Here, k = 9 × 10⁹ N·m²/C², q is the source charge, and r is the distance from the charge to the point. Unlike electric field, potential is a scalar — no direction needed.

V = \frac{9 \times 10^9 \times 2 \times 10^{-6}}{0.3}

V = \frac{18000}{0.3} = 60000 \text{ V}

So V = 6 × 10⁴ V at point P.

The relation between work done and potential is:

W = q_0 \cdot V

We use this because potential at infinity is zero, so the potential difference is simply V itself.

W = 1 \times 10^{-6} \times 6 \times 10^4 = 0.06 \text{ J}

W = 0.06 J (or 6 × 10⁻² J).

Both charges are positive. Bringing a positive test charge toward another positive charge requires work done against the repulsive force — so W is positive. The answer checks out physically.

Why This Works

Electric potential at a point is defined as the work done per unit positive charge in bringing a test charge from infinity to that point, with no acceleration (quasi-static process). The formula V = kq/r directly gives us this quantity for a point charge.

The key reason potential varies as 1/r (while electric field varies as 1/r²) is that potential is obtained by integrating the electric field over distance. Each integration step picks up one factor of r in the denominator.

Since potential is a scalar, when multiple charges are present, we simply add the potentials algebraically — no vector addition needed. This is what makes potential extremely useful for problems with complex charge distributions.

For JEE, the scalar nature of potential is a high-weightage concept. Superposition of potentials (just add numbers) versus superposition of electric fields (vector addition) — this distinction has appeared in multiple PYQs.

Alternative Method — Using Energy Directly

Instead of finding V first, we can directly use the definition of potential energy:

U = \frac{kq \cdot q_0}{r}

U = \frac{9 \times 10^9 \times 2 \times 10^{-6} \times 1 \times 10^{-6}}{0.3}

U = \frac{18 \times 10^{-3}}{0.3} = 0.06 \text{ J}

Since both charges start at infinity (U = 0) and end with U = 0.06 J, the work done equals this potential energy: W = 0.06 J. Same answer, different route.

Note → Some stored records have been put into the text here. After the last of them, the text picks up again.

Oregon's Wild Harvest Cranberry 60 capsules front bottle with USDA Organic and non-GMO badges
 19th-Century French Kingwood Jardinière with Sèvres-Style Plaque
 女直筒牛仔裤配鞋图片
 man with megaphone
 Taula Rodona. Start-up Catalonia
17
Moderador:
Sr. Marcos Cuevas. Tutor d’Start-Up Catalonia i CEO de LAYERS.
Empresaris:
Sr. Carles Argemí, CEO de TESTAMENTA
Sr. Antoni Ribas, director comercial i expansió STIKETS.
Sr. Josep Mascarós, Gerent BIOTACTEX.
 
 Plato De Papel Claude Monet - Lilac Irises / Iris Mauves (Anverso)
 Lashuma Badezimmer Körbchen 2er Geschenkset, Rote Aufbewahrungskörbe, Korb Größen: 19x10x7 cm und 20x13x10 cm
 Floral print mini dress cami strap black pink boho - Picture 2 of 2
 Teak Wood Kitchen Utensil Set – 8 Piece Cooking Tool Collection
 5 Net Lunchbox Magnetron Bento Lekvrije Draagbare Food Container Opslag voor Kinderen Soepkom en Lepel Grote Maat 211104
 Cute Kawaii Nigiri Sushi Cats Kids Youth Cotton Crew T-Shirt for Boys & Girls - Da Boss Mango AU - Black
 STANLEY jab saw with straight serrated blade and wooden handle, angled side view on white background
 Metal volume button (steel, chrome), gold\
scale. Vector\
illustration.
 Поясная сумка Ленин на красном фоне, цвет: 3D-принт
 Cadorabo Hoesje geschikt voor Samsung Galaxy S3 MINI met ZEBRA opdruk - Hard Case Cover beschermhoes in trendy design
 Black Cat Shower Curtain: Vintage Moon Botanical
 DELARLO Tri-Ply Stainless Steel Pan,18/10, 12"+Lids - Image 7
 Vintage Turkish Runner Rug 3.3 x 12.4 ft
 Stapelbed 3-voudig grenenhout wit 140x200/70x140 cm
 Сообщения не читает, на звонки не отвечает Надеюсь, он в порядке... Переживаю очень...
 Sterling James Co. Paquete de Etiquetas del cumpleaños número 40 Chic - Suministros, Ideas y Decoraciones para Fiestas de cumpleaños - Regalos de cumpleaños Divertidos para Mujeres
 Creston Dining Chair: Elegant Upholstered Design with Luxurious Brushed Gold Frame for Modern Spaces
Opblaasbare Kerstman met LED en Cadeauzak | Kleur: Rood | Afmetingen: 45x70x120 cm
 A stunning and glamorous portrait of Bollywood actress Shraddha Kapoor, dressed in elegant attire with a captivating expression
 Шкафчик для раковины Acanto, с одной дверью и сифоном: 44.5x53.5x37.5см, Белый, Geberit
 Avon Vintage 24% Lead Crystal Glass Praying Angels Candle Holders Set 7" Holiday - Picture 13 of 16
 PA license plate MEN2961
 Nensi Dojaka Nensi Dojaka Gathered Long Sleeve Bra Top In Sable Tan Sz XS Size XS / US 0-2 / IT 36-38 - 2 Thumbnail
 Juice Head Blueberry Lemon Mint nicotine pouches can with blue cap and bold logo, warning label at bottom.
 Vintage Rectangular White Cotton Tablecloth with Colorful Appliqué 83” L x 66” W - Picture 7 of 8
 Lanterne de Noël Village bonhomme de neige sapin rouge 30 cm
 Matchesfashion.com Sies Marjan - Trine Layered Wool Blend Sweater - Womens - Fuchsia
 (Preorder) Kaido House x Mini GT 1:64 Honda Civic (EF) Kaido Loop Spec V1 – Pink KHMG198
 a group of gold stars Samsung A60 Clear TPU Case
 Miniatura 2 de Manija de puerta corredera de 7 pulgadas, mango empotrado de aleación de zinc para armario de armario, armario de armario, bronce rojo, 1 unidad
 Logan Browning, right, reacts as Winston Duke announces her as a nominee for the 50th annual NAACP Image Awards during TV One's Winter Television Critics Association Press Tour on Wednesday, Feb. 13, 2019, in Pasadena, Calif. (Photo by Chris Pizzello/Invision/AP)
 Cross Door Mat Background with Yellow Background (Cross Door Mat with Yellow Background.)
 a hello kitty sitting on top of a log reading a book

This approach is faster when the question directly asks for work done or potential energy between two specific charges.

Common Mistake

Students often confuse electric potential V = kq/r with electric field E = kq/r². The field has r² in the denominator and is a vector. The potential has r (not squared) and is a scalar. In CBSE board exams, writing V = kq/r² is one of the most common errors and costs full marks. Remember: potential comes from integrating the field, which “reduces” the power of r by 1.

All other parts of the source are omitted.